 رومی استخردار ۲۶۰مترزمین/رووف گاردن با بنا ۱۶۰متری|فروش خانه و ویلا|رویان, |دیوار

--

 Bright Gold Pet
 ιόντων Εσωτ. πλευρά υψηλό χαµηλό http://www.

- _WHAT YOU HAVE TO DO_: Given the records above, reproduce precisely and only the lines between the line holding "Bright Gold Pet" and the line holding "ιόντων Εσωτ. πλευρά υψηλό χαµηλό http://www.", inclusive.

- _RESPONSE TO THE EXERCISE_:
 Bright Gold Pet
 ιόντων Εσωτ. πλευρά υψηλό χαµηλό http://www.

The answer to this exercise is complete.